The Postal Inspection Service issues rewards of up to $25,000 for tips leading to a conviction for robberies of letter carriers. Robbers have been sought in at least four Chicago-area letter carrier robberies in the last year, according to wanted posters shared by the Postal Inspection Service.

At least five armed robberies of mail carriers’ master keys have been reported on the North and West sides since August, according to Chicago police.

Two letter carriers in Evanston were robbed at gunpoint of their master keys in a 24-hour span in September, police said.

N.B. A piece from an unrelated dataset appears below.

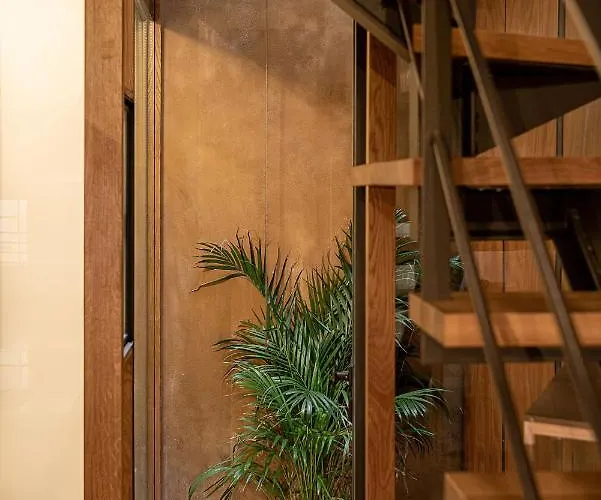 Casa Sorvolou Apartment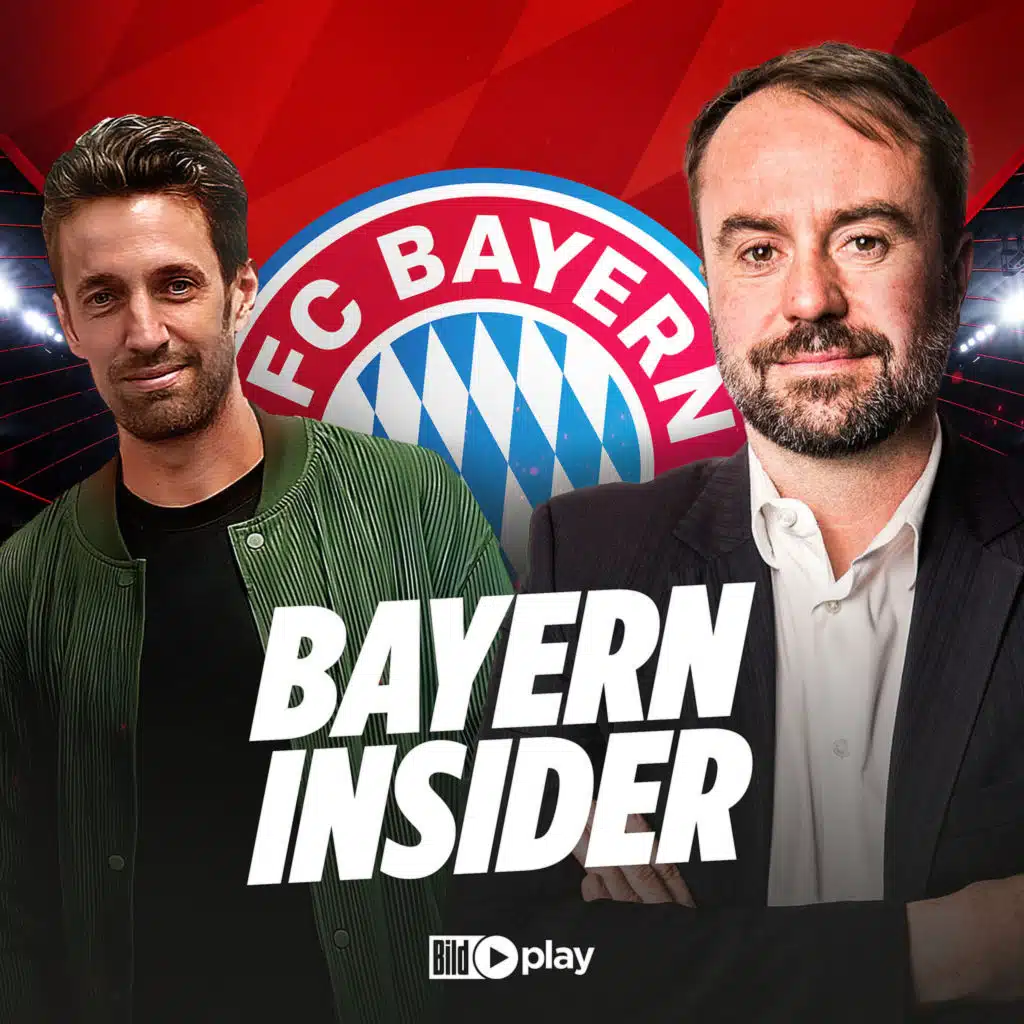 Klassiko! So viele BVB-Stars würden es in die Bayern-Top11 schaffen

Mack Julion, president of the National Association of Letter Carriers Chicago, told the Chicago Sun-Times that some carriers are considering not going out on their assignments.

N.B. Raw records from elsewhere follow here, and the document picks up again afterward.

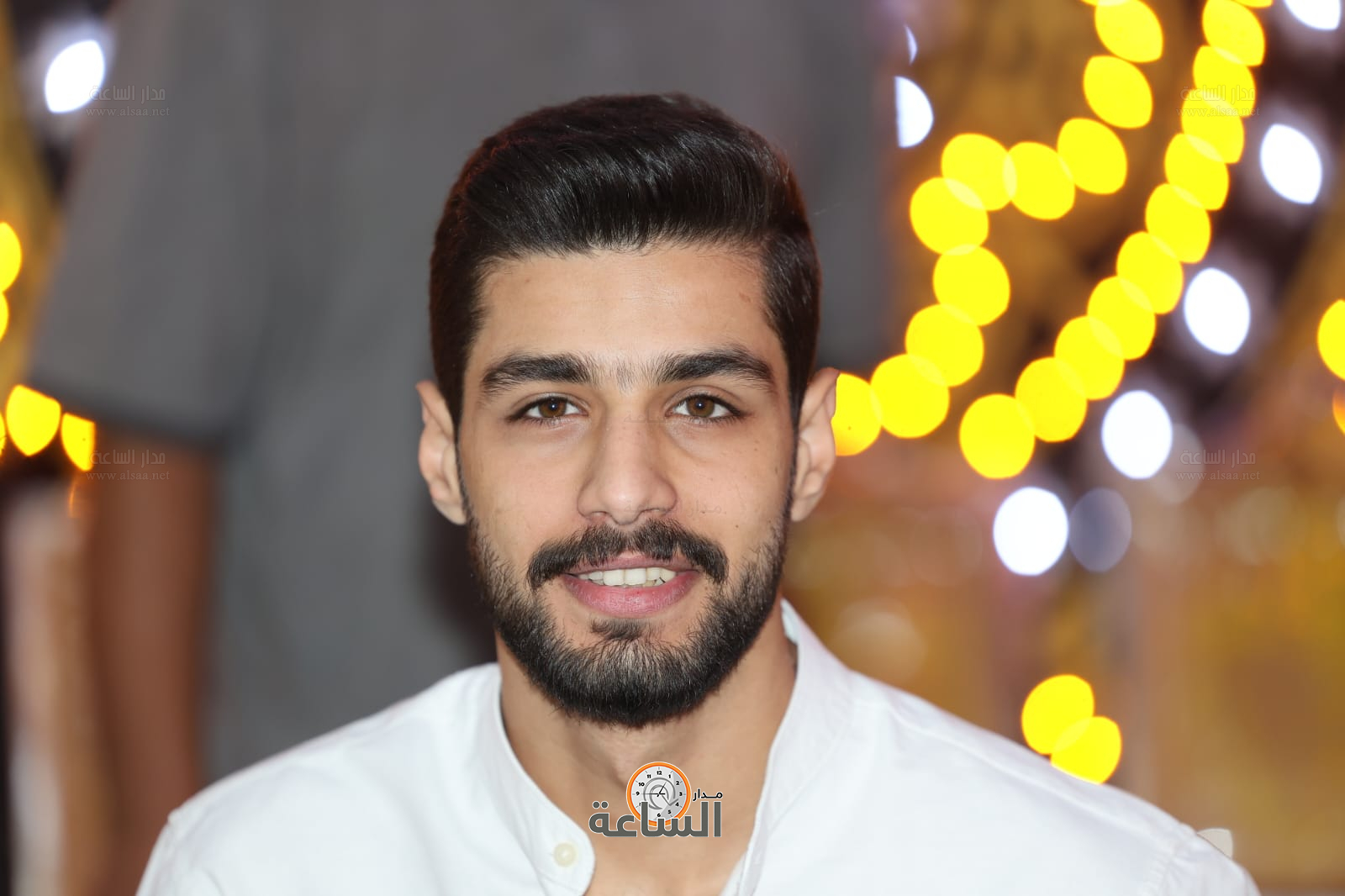 Madar Al-Saa Images 0.2928633897627321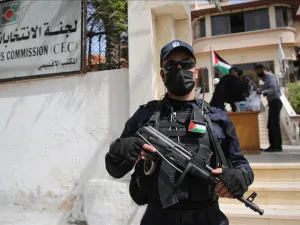 اسرائيل منعت الانتخابات الفلسطينية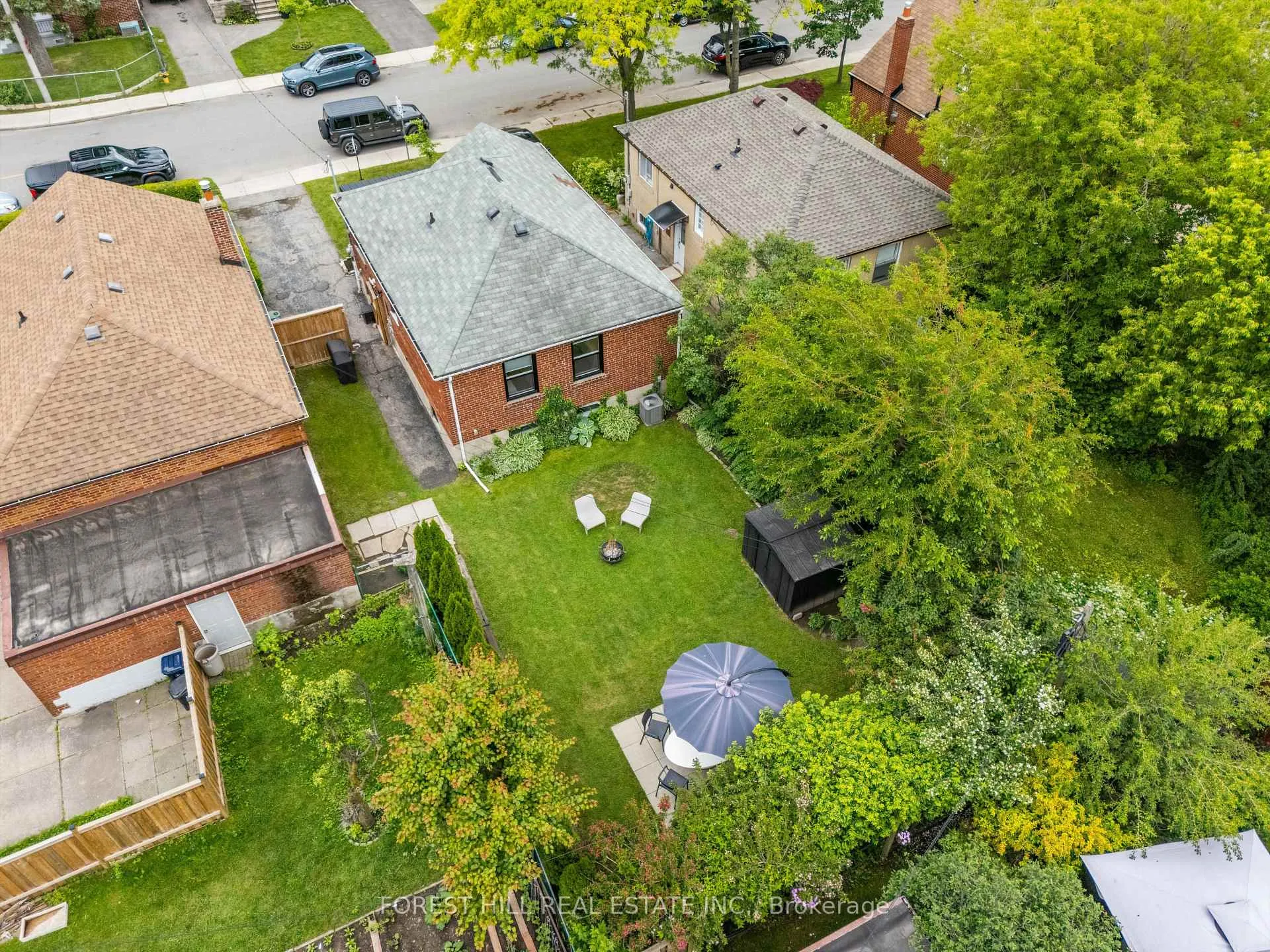 Photo 31 of 6 Barrett Road, Toronto, O'Connor-Parkview — HOMEH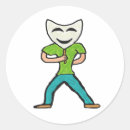 Search for actor stickers Theatre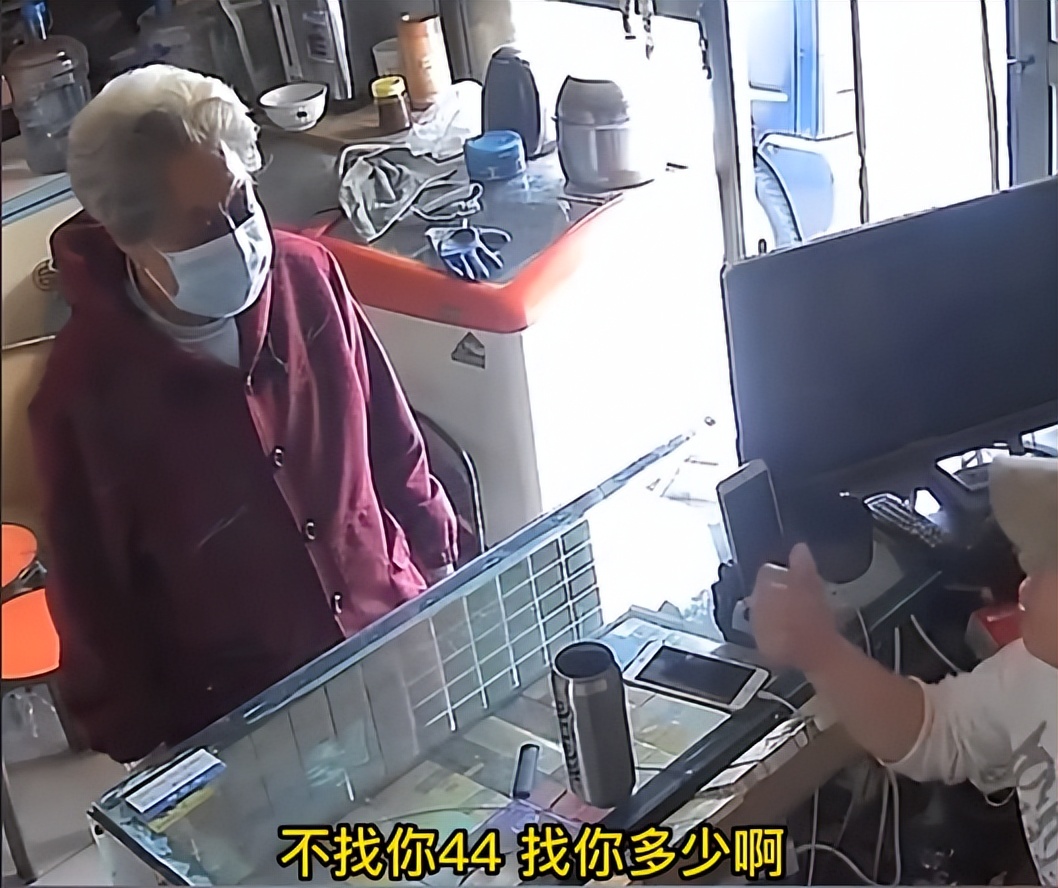 糊涂老板算账,糊涂老板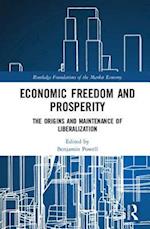 Economic Freedom and Prosperity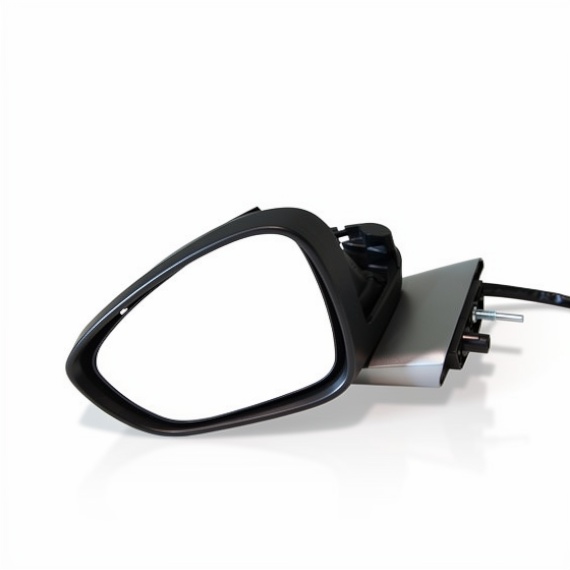 Acceder a la pieza Retrovisor izquierdo eléctrico, térmico, abatible, imprimado + piloto + cortesia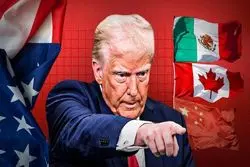 چرا سناریوی جنگ‌های جهانی اول و دوم در جنگ تجاری ترامپ رخ نداد؟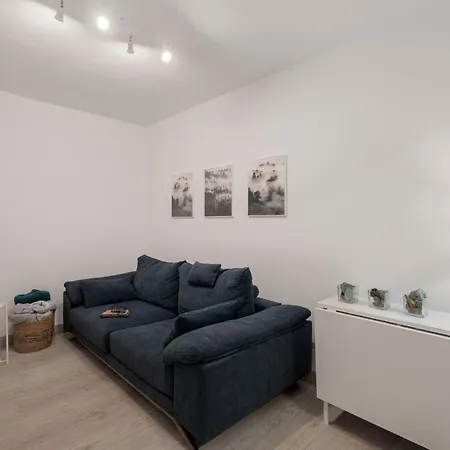 Apartment Casa Calma Ll *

“In any instance where they don’t feel safe, they certainly have the right not to deliver,” Julion said.

Maimon said the master keys are used to burglarize USPS mailboxes overnight.

A U.S. Postal Inspection Service reward poster.

The U.S. Postal Inspection Service offers rewards of up to $25,000 for tips that solve armed robberies of letter carriers.

A mail thief used a USPS key to steal mail from the blue box outside suburban Norridge’s town hall in August, police said. More than 40 checks were reported stolen this year in the village.

Criminals then chauffeur the stolen mail to hideouts — usually cheap hotel rooms — to sort the mail, Maimon said.

Some criminals have even hired drug addicts with the promise of food or cash to sift through the mail, Maimon said. They organize the mail into personal checks (which sell for around $125 on the dark web) and business checks (which typically sell for $250).

“It’s kind of mind-boggling to see how things have progressed,” Maimon said.

All types of people buy stolen checks online.

“There’s no one profile that we can identify,” Maimon said. “There’s a very extensive supply chain.”

The crime has become more complex in the last few months, Maimon said. Some criminals now offer personal information about their victims, including Social Security numbers and account balances.

In some cases, criminals use that personal information to take over bank accounts and create fake driver’s licenses and passports, which they use to open new bank accounts and credit lines.

“It’s really disturbing at this point,” Maimon said.

He said some criminals have sources in banks and credit bureaus who provide them information.

“The operation is completely synced and organized. These are not a bunch of youth stealing mail and washing checks,” Maimon said.

Little Italy a hot spot for stolen checks

Several recent victims in Chicago live in the Little Italy neighborhood.

“It’s super frustrating,” resident Liz Gardner said. In April, she wrote a several-thousand-dollar check to the IRS and slipped the envelope into a blue mailbox at Taylor and Loomis streets.

Two days later, her husband noticed their bank account listed the check as cashed by someone else. A copy of the check showed it was endorsed by someone else but the amount was unchanged.

She immediately told the bank and police about the theft but still hasn’t been reimbursed for the check.

“We’re now five months out and still haven’t recovered the money,” she said.

Another victim, Monica Pascente, mailed a $123 check for a credit card payment in August. Someone stole the check and cashed it for $9,500.

Pascente, who has lived on Taylor Street her whole life, said: “I feel that, as a U.S. citizen, anyone should be allowed to drop mail in mailboxes.”

She still mails her checks, despite knowing the risk.

“Not everyone is computer savvy,” Pascente said.

Kevin Ngo rarely mails checks, but he said he felt it was the right thing to do in June when he attended a wedding in New York but didn’t want to travel with a gift.

Sending the money by Venmo would have felt impersonal, he said.

The 33-year-old Little Italy resident dropped the $200 check in a mailbox at Laflin and Flournoy streets. A couple of days later, he got an email from his bank saying it wouldn’t cash his check written for $4,900.

His check had been stolen and washed. He filed a report with police.

“Ultimately, I was lucky, but I’m sad for everyone else who lost money,” Ngo said. “I’m not dropping checks in the mail anymore.”